Governadora Fátima Bezerra e diretor industrial da Guararapes Jairo Amorim

Não há dúvidas de que o “sincericídio” do diretor da Guararapes ajudou o juiz a chegar à decisão.

Aliás, o Rio Grande do Norte já sabe o que o Ministério Público e a Justiça acham do pro-Sertão. Mas ainda não tem ideia do que a governadora Fátima Bezerra (PT) pensa a respeito.

Não há uma linha ou declaração da governadora sobre o Pro-Sertão após a decisão que condenou a empresa estabelecida no Rio Grande do Norte que recebe incentivos fiscais há mais tempo no Estado, desde 1959.

Desde a campanha eleitoral, Fátima tem demonstrado com palavras e gestos que deseja construir um Governo parceiro dos empresários.

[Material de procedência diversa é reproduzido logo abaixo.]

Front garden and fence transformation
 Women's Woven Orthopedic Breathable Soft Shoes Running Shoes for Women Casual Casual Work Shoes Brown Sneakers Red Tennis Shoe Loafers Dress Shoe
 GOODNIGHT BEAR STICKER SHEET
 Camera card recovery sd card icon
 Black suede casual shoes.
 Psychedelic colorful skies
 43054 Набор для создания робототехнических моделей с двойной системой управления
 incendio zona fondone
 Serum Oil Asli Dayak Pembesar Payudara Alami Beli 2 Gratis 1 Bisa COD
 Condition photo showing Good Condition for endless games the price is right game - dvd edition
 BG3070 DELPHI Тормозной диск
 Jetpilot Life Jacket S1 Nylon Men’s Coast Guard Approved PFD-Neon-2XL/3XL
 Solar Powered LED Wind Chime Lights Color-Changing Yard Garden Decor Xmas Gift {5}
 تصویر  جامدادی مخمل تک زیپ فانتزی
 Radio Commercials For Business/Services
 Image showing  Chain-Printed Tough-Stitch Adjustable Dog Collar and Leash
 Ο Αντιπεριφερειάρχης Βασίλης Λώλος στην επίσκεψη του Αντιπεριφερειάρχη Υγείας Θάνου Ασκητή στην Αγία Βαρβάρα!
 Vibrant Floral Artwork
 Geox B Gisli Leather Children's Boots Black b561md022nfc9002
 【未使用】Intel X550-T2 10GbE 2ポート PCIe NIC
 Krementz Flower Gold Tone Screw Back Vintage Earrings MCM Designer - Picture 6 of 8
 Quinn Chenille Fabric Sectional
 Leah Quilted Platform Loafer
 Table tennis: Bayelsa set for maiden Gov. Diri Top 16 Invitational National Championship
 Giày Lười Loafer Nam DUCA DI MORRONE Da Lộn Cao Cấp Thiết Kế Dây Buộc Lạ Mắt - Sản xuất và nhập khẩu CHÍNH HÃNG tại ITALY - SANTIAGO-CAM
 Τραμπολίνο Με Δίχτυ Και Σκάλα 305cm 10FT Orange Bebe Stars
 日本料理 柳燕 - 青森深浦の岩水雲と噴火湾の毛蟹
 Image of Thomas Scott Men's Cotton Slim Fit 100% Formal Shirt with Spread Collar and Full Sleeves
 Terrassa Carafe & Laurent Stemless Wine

A aproximação da Fiern logo na fase de transição e o aceno na direção da melhoria do Proadi, ampliando os benefícios para pequenas e médias empresas, fazem parte desta estratégia.

Das boas parcerias, no entanto, se espera reciprocidade.

E segundo as palavras de um juiz do trabalho, a Guararapes se beneficiou do Estado e não devolveu os benefícios à sociedade.

Atualmente, 61 pequenas fábricas de costura estão cadastradas no programa.

O mínimo que o Rio Grande do Norte espera é que Fátima Bezerra, a primeira governadora de origem popular do Estado, corrija a rota de um programa que se vendia popular, mas que só serviu para ampliar os lucros de uma empresa que há 60 anos já se beneficia do Estado.